These are my notes from the article "The Matrix Calculus you need for Deep Learning" by Terence Parr and Jeremy Howard as part of a fastai study group being conducted May-Oct 2020 (ongoing).
(Status: unfinished)
Consider the function $ f(x,y) = 3x^{2}y $
The derivative of f wrt to x is:
$\frac{\partial f}{\partial x} = $ $\frac{\partial} {\partial x} 3x^{2}y = $ $3y\frac{\partial}{\partial x}x^{2} = $ $ 6yx $
The derivative of f wrt to y is:
$\frac{\partial f}{\partial y} = $ $\frac{\partial} {\partial y} 3x^{2}y = $ $3x^{2}\frac{\partial}{\partial y}y = $ $ 3x^{2} $
$ \nabla f(x,y) = [\frac{\partial f(x,y)}{\partial x},\frac{\partial f(x,y)}{\partial y}] = $ $ [6yx, 3x^{2}] $
Given the functions $ f(x,y) = 3x^{2}y $ and $ g(x,y) = 2x + y^{8} $
$ \frac{\partial g(x,y)}{\partial x} = $ $ \frac{\partial 2x}{\partial x} + \frac{\partial y^{8}}{\partial x} = $ $ 2\frac{\partial x}{\partial x} + 0 = $ $ 2 \times 1 = 2 $
and
$ \frac{\partial g(x,y)}{\partial y} = $ $ \frac{\partial 2x}{\partial y} + \frac{\partial y^{8}}{\partial y} = $ $ 0 + 8y^{7} = $ $ 8y^{7} $
giving us the gradient of $ g(x,y) $ as
$ \nabla g(x,y) = $ $ [2,8y^{7}] $
numerator layout(used here) :
denominator layout - rows: variables(x,y) , columns: equations(f,g)
$$ \begin{bmatrix} 6yx & 2 \\ 3x^{2} & 8y^{7} \end{bmatrix} $$Combine $ f(x,y,z) \Rightarrow f(x) $ where x
is a vector (aka $ \vec{x} $) and x are scalars. e.g. $ x_{i} $ is the $i^{th}$ element of vector x.
Assume vector x is a column vector (vertical vector) by default of size $ n \times 1 $.
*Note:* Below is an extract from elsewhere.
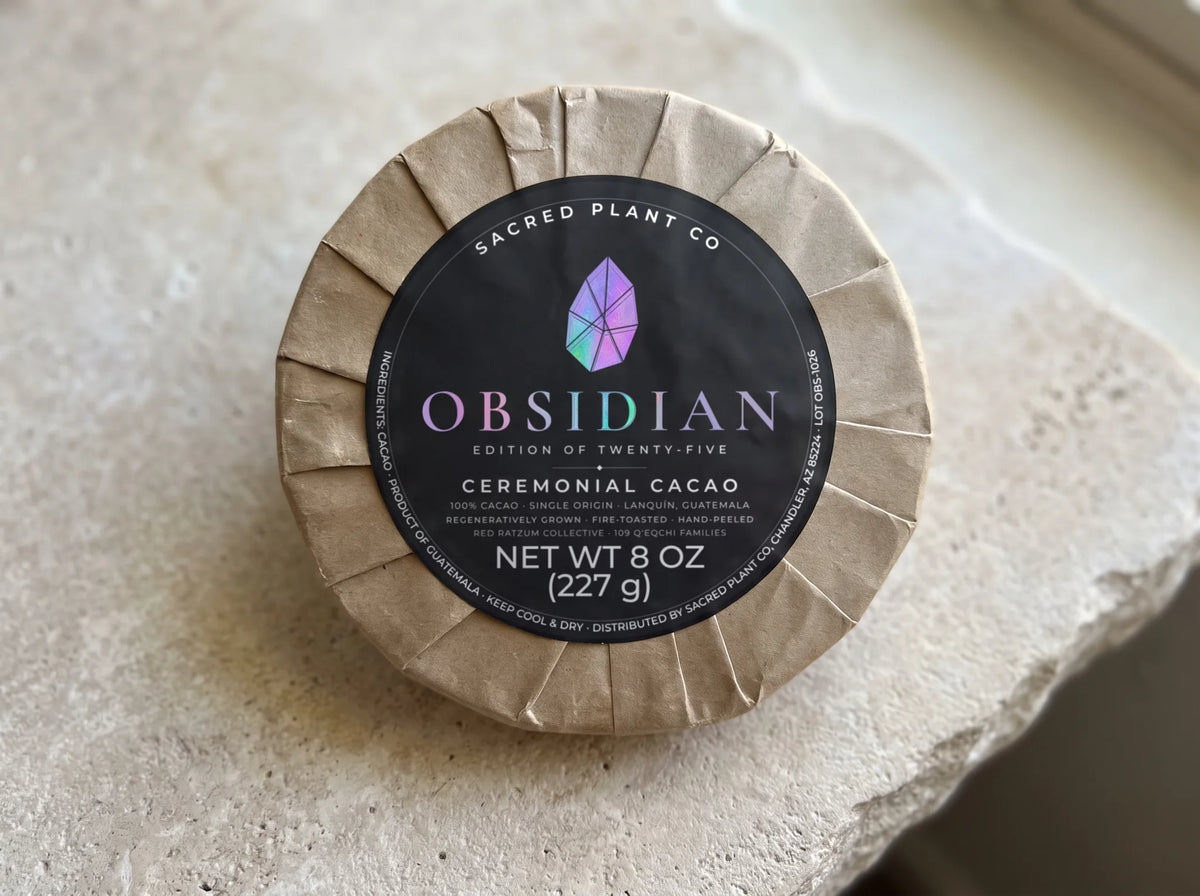 Hand-wrapped 8 oz ceremonial cacao round on a travertine slab, label reading single origin, Lanquín, Guatemala, regeneratively grown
$$ x = \begin{bmatrix} x_{1} \\ x_{2} \\ \vdots \\ x_{n} \end{bmatrix} $$For multiple scalar-valued functions, combine all into a vector just like the parameters.
Let $ y = f(x) $ be a vector of m
scalar-valued functions that each take a vector x of length $ n = \vert x \vert $ where $ \vert x \vert $ is the count of elements in x.
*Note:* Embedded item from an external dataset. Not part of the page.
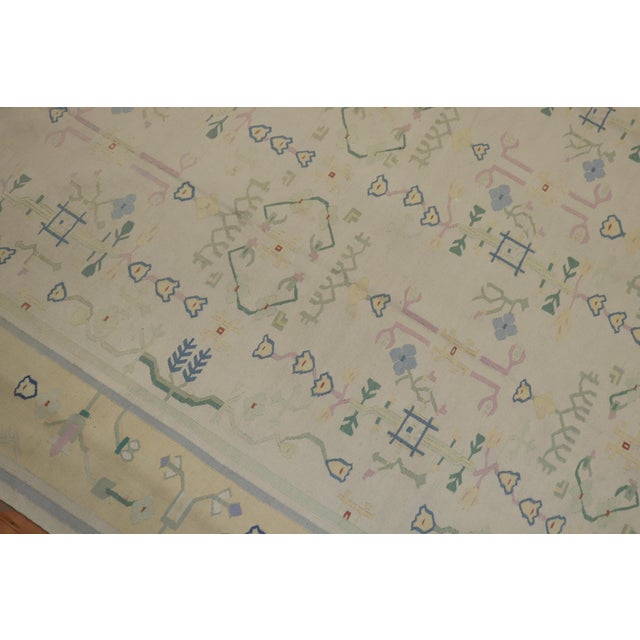 Room size Indian Dhurrie flat-weave carpet in warm pastel tones on a white field and mellow yellow border. Piece has...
Each $ f_{i} $ function within f returns a scalar.
$$ \begin{matrix} y_{1} = f_{1}(x) \\ y_{2} = f_{2}(x) \\ \vdots \\ y_{m} = f_{m}(x) \end{matrix} $$For instance, given $ f(x,y) = 3x^{2}y $ and $ g(x,y) = 2x + y^{8} $, then
$ y_{1} = f_{1}(x) = 3x_{1}^{2}x_{2} $ (substituting $ x_{1} $ for x, $ x_{2} $ for y )
$ y_{2} = f_{2}(x) = 2x_{1} + x_{2}^{8} $
For the identity function $ y = f(x) = x $ it will be the case that $ m = n $ : $$ \begin{matrix} y_{1} = f_{1}(x) = x_{1} \\ y_{2} = f_{2}(x) = x_{2} \\ \vdots \\ y_{m} = f_{m}(x) = x_{n} \end{matrix} $$
So for the identity function, we will $ m = n $ functions and parameters.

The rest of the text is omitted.